#### EXERCISE PROMPT:
Leave out the images and transcribe the entries below word for word.

#### EXTRACTED ENTRIES:
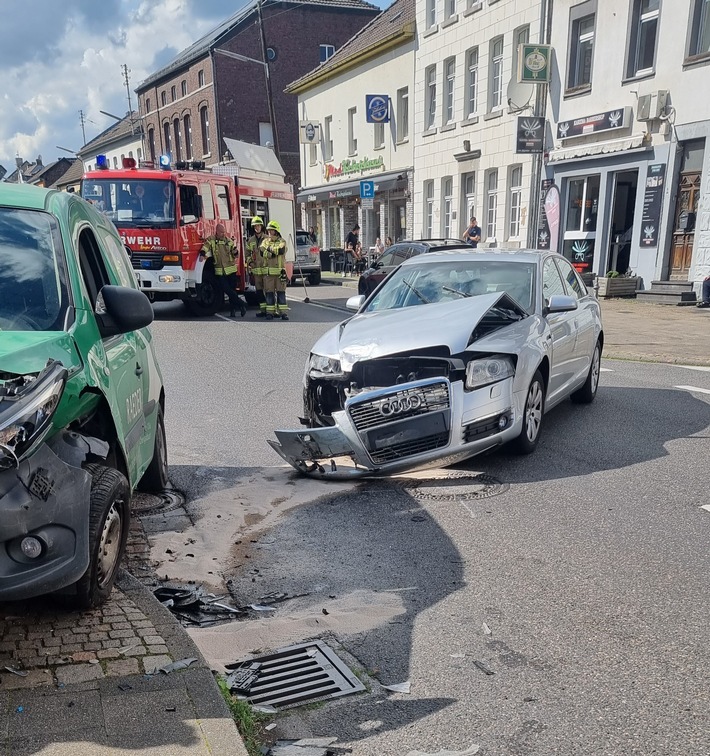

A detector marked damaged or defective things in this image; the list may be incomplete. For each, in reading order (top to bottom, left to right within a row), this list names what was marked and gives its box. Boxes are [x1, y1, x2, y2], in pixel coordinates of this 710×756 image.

crumpled hood [0, 330, 80, 378]
crumpled hood [314, 290, 508, 370]
damaged silver audi [270, 252, 604, 478]
broken bumper [268, 376, 524, 482]
broken bumper [0, 440, 92, 600]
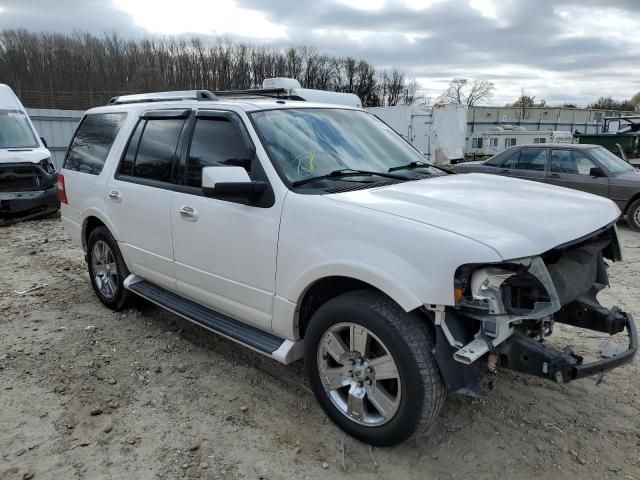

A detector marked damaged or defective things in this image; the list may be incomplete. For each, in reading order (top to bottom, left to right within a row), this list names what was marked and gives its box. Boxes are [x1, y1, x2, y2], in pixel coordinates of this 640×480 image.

crumpled hood [0, 147, 50, 166]
crumpled hood [324, 173, 620, 258]
damaged front end [432, 223, 636, 396]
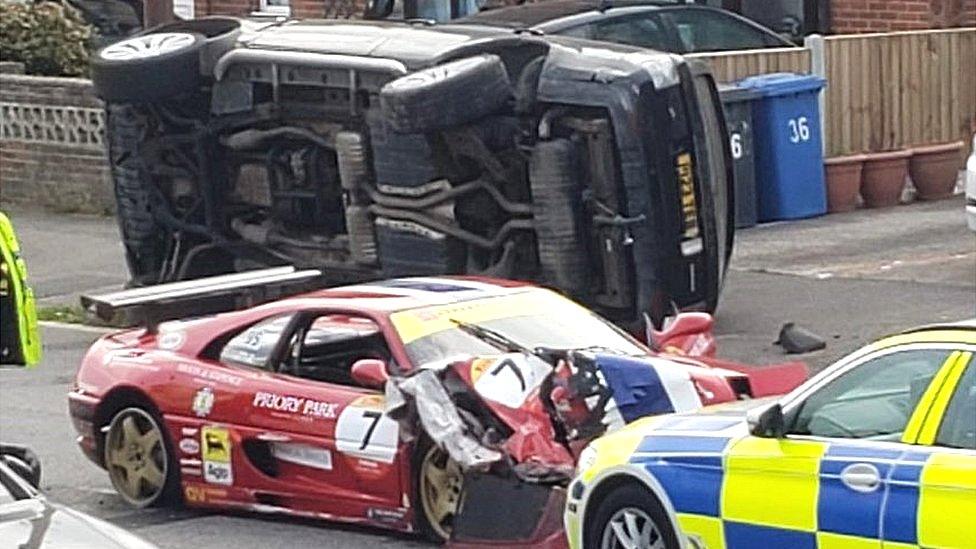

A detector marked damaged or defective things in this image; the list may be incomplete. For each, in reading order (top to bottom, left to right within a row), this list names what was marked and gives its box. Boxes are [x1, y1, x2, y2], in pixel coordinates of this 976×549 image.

overturned vehicle [89, 16, 732, 326]
damaged bodywork [89, 16, 732, 326]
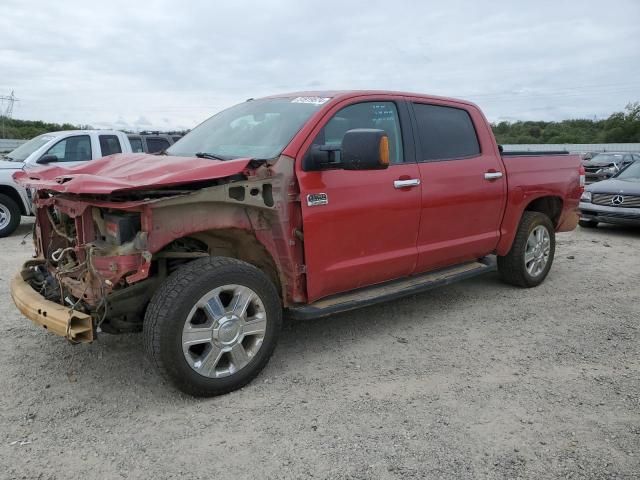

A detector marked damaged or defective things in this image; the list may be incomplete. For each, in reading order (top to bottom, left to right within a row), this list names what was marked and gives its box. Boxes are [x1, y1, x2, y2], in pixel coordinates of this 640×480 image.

crumpled hood [12, 152, 252, 193]
severely damaged front end [11, 153, 306, 342]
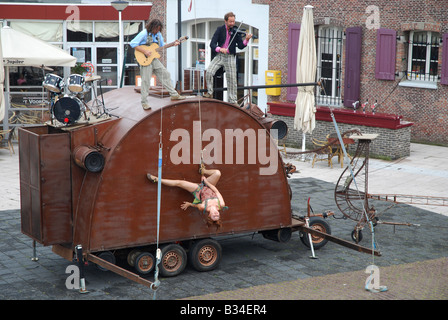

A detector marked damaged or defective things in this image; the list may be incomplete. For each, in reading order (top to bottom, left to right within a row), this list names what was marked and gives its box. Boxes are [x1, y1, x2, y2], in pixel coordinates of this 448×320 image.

#### YOUR RESPONSE:
A detector marked damaged or defective things in this image; the list may be incomplete. For each, in reading order (top to bottom, left to right within a row), this list names what was marked and gives its box. Boxes are [x1, y1, x2, y2], in pixel coordinates of this 710×756 image.

crumpled hood [0, 330, 80, 378]
crumpled hood [314, 290, 508, 370]
damaged silver audi [270, 252, 604, 478]
broken bumper [268, 376, 524, 482]
broken bumper [0, 440, 92, 600]

A detector marked damaged or defective things in this image; the list may be incomplete. For each, in reading order (top to bottom, left to right within a row), this list names what was marked and gives its box. Boxes are [x1, y1, x2, y2], in pixel coordinates of this 640×480 image.

crumpled hood [0, 147, 50, 166]
crumpled hood [324, 173, 620, 258]
damaged front end [432, 223, 636, 396]

A detector marked damaged or defective things in this image; the list may be incomplete. For each, in reading order (top to bottom, left to right within a row), this list names what was marked and gives its box. Boxes are [x1, y1, x2, y2], in pixel coordinates of this 976×549 image.

overturned vehicle [89, 16, 732, 326]
damaged bodywork [89, 16, 732, 326]

A detector marked damaged or defective things in this image; the list may be incomplete. For each, in reading order (top to bottom, left to right within a row), this list names what was marked and gives its box. Boxes are [x1, y1, x2, y2], in pixel coordinates of this 640×480 image.

crumpled hood [12, 152, 252, 193]
severely damaged front end [11, 153, 306, 342]

A detector marked damaged or defective things in this image; the list may be incomplete. For each, in reading order (top to bottom, left to right within a row), this list names what was marked and gives its box. Boxes are [x1, y1, x2, y2], in pixel coordinates of this 448×320 image.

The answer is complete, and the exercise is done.